YOUR GOAL: The answer must consist only of the lines from the line with "Rice, spicy herbs" to the line with "A man walks", both included, exactly as they stand below.

[[ RECORDS SUPPLIED, beginning ]]

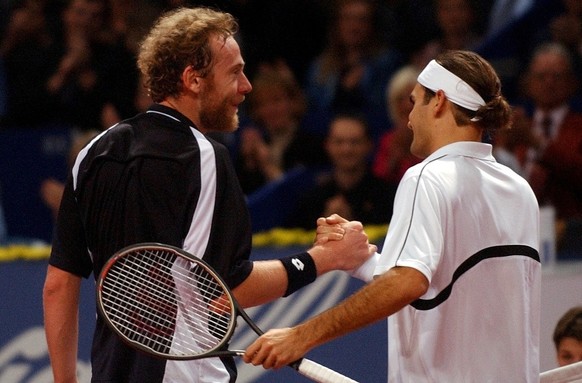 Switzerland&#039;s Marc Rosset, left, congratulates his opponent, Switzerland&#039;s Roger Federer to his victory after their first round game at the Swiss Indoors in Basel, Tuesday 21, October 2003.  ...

[[ RECORDS SUPPLIED, end ]]
[[ RECORDS SUPPLIED, beginning ]]

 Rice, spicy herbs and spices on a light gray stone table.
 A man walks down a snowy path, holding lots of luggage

[[ RECORDS SUPPLIED, end ]]

SOLUTION:
 Rice, spicy herbs and spices on a light gray stone table.
 A man walks down a snowy path, holding lots of luggage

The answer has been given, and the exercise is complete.